IMPACTS OF THE CRISIS ON SUBNATIONAL GOVERNMENT FINANCE: The pandemic sharply decreased Ukrainian subnational revenue between 2019 and 2020 (23.6%), which reflects a drop in grants and subsidies (-43.7%), followed by a decline in fees and revenue from assets. This resulted from the quarantine and restrictive measures implemented in 2020. By contrast, subnational tax revenue was more resilient due to robust PIT and solid property tax, the latter being less dependent on the economic cycle. The robustness of the PIT, despite adverse economic conditions, relied on the increase of the average minimum wage (by 15%) and of the average wage (10%) between 2019 and 2020.

On the expenditure side, overall subnational spending decreased in 2020. This resulted from the closure of facilities and the cancellation of events during quarantine. It also resulted from the recent amendments in the financing models of social protection and healthcare (see above), which compensated for the one-off spending items linked to the crisis. The pandemic also changed the structure of subnational expenditure in 2020, with an increased share of salary expenditure in the public sector and a reduced portion of goods and services.

Subnational debt increased in 2020 as a result of higher local deficits. The high percentage change of debt between 2019 and 2020 (almost 60%) is also explained by the initial low level of debt at the subnational level, as well as inflation. This growth was financed by loans and additional issuance of bonds. However, the share of subnational debt in total public debt decreased due to higher level of public debt to finance the pandemic.

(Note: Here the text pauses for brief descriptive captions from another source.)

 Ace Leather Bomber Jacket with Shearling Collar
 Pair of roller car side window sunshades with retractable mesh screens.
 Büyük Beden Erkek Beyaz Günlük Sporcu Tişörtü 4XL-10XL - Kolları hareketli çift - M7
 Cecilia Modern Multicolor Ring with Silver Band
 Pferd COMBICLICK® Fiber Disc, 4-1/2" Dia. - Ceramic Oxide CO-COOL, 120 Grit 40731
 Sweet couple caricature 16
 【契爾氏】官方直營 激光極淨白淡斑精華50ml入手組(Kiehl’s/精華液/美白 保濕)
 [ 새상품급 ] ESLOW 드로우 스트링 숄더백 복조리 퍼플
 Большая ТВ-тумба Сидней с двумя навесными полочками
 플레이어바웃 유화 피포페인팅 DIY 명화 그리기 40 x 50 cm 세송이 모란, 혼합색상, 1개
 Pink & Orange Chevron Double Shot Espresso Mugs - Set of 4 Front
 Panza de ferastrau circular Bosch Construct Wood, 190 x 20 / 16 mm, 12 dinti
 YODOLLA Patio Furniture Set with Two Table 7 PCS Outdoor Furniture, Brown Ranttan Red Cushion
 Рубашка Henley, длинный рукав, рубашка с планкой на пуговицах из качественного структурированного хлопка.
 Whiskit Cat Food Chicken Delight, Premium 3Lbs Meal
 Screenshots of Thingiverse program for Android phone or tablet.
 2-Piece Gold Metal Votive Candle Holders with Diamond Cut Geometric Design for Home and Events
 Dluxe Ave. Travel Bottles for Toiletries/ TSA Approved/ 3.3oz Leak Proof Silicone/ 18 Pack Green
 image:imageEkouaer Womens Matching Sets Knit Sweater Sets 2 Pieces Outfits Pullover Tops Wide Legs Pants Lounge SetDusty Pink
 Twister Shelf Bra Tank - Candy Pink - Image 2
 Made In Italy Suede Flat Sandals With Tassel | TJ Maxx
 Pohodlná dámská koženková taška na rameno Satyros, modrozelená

ECONOMIC AND SOCIAL STIMULUS PLANS: The ”Ukraine National Economic Strategy 2030” has several priorities: (i) increasing investment, (ii) developing PPPs, (iii) modernising and transforming coal regions, and (iv) improving digitalisation as a means of fighting corruption. In addition to this national plan, the country signed a Stand-By Agreement with the IMF in June 2020 in order to help subnational governments address the effects of the pandemic and to help sustain their recovery. The IMF approved a USD 700 million disbursement of the agreement in November 2021 and its extension to June 2022. The IMF reforms notably include fiscal consolidation and tax reforms, a better regulatory framework for private investment and improvement in the governance of state-owned enterprises (SOEs). The World Bank also provided USD 2.3 billion to support public budget and investment projects during the pandemic. A first EUR 350 million Development Policy Loan (DPL) was approved in June 2020 to support a land reform and promote public investment in land. A second USD 300 million DPL was approved in June 2020 to further mitigate the consequences of the crisis.